Jackson County is considering ways to modernize its public safety communications system, but the price tag won't be cheap.
A communications consulting firm hired by the Jackson County Board of Commissioners that has studied the county's emergency radio needs estimates the cost of upgrading to a modern radio communications system will cost between $13-$21 million, depending on the exact configuration.
The county's radio communications network includes all public safety agencies and some other non-emergency agencies, such as public schools.
The consulting firm gave a brief presentation of its findings to the BOC at its Nov. 18 meeting. No action was taken by the board.
FINDINGS: The findings outlined in a 120-page needs assessment report from TUSA Consulting Services were largely critical of the county's existing public safety communications system.
"The DMR system used in Jackson County lacks many features that modern radio system have," the report said.
Among the specific problems found were:
• The county's current system is reaching the end of its life cycle and will soon need to be replaced. The current system is also outdated compared to other systems now available.
• The current system has inadequate radio coverage in some areas of the county, including some spots along I-85 and around the fast-growing Braselton area. That is especially true with the county's portable radios, the report said.

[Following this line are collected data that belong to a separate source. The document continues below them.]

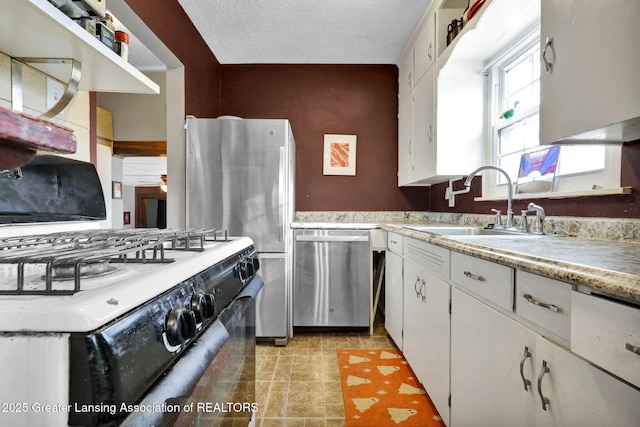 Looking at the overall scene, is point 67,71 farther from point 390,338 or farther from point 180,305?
point 390,338

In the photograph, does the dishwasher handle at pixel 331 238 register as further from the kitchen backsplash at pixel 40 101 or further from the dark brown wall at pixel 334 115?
the kitchen backsplash at pixel 40 101

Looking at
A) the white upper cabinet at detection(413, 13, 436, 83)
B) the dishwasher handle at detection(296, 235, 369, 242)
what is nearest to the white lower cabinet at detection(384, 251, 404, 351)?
the dishwasher handle at detection(296, 235, 369, 242)

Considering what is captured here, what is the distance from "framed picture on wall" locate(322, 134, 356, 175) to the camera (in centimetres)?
339

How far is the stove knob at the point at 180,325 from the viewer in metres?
0.52

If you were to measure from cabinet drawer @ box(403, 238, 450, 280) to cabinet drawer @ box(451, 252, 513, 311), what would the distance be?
0.08 metres

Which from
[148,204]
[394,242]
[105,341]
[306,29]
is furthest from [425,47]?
[148,204]

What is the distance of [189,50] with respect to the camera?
2615 mm

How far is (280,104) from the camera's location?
340cm

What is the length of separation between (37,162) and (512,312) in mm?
1627

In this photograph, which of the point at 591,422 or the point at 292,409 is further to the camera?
the point at 292,409

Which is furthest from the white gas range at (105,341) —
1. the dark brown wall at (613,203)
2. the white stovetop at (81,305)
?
the dark brown wall at (613,203)

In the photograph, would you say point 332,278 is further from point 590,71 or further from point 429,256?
point 590,71

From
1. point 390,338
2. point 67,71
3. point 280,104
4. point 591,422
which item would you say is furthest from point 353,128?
point 591,422

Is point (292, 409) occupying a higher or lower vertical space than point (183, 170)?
lower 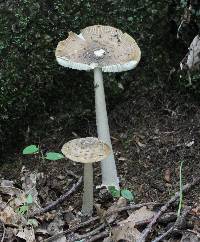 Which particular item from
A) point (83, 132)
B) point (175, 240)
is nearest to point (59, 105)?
point (83, 132)

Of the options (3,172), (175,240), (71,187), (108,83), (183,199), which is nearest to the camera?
(175,240)

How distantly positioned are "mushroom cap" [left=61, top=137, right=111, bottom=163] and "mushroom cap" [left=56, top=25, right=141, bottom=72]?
625 millimetres

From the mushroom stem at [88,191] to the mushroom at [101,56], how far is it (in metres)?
0.33

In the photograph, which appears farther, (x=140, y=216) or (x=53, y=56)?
(x=53, y=56)

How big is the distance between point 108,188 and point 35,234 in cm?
68

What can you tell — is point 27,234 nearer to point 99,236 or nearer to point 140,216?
point 99,236

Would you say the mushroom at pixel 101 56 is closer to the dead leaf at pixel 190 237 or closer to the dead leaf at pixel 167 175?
the dead leaf at pixel 167 175

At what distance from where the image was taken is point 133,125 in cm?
468

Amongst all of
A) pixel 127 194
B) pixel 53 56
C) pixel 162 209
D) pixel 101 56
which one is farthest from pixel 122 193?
pixel 53 56

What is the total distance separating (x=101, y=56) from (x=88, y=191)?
99 centimetres

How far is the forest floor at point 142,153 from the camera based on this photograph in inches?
160

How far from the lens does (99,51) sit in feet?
12.7

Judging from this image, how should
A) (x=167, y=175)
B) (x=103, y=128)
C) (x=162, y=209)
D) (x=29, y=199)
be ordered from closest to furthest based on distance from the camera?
(x=162, y=209) < (x=29, y=199) < (x=103, y=128) < (x=167, y=175)

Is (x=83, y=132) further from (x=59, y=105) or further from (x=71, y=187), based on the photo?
(x=71, y=187) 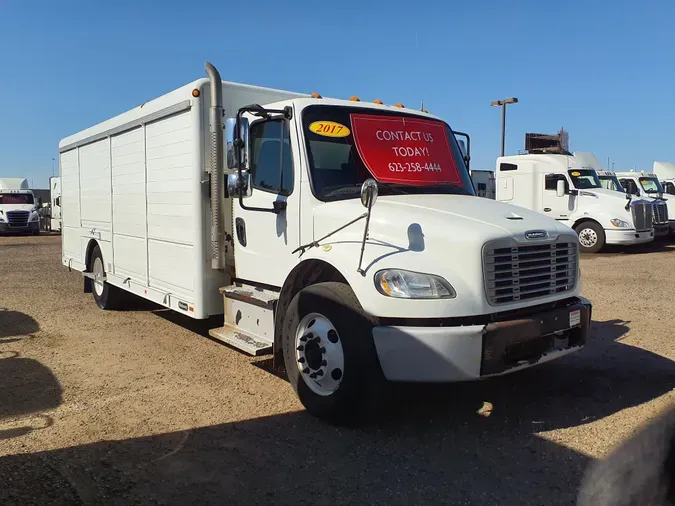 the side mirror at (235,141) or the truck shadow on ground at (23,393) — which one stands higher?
the side mirror at (235,141)

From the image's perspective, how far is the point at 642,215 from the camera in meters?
17.5

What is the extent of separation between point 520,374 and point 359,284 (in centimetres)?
242

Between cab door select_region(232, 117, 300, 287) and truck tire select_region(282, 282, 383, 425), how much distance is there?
0.63m

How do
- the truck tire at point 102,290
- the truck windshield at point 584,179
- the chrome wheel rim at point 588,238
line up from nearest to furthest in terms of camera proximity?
the truck tire at point 102,290 < the chrome wheel rim at point 588,238 < the truck windshield at point 584,179

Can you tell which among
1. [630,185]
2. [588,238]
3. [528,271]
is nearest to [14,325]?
[528,271]

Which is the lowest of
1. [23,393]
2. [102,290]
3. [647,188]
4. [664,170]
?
[23,393]

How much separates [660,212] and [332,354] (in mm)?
18274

• The current system is unable to easily talk with surrounding counties or state emergency agencies because it isn't compatible with other area communities. TUSA said that although Braselton covers four counties, "Communicating with neighbors is nearly non-existent." Gwinnett, Hall, Barrow and Athens-Clarke counties all have modern 800 Mhz P25 systems while Banks and Madison use proprietary systems, all incompatible with Jackson County's existing system.
• The current county radios were designed for commercial markets, not public safety agencies which need more durable and robust units.
• Many of the county's nine communications link sites are lacking. Most have obsolete cooling and backup power systems and many are too small to expand to house a modern system. Some of the sites had not been well-maintained by the county. "Almost all of the existing buildings, and the compounds they reside in, cannot support the space needed for a modern public safety radio system without substantial cost...." the report said.
PROPOSALS: TUSA outlined two possible options for the county in upgrading its system to an 800 Mhz P25 system. One would be a stand alone system where the county upgrades all its radios and connecting systems on its own. The cost of doing that would be $16.3 to $21.3 million upfront with an estimated total cost over 15 years of $24 million.
The second proposal would have the county upgrading and working with Hall County for some joint operating, especially the ability to use existing Hall County towers that would negate the need for Jackson County to upgrade several of its existing nine tower sites. The cost of that plan would be $13-$17 million initially with a 15-year life cycle cost estimated at $19.3 million.
BACKGROUND: TUSA was initially brought in by the county to review a proposal from Motorola for upgrading the county's radio system. But TUSA said that Motorola's proposal fell short of what Jackson County needs.
"There are many items within this proposal that TUSA find concerning and would drastically increase the costs Jackson County would be responsible for, in addition to the price of the proposal," said TUSA's report.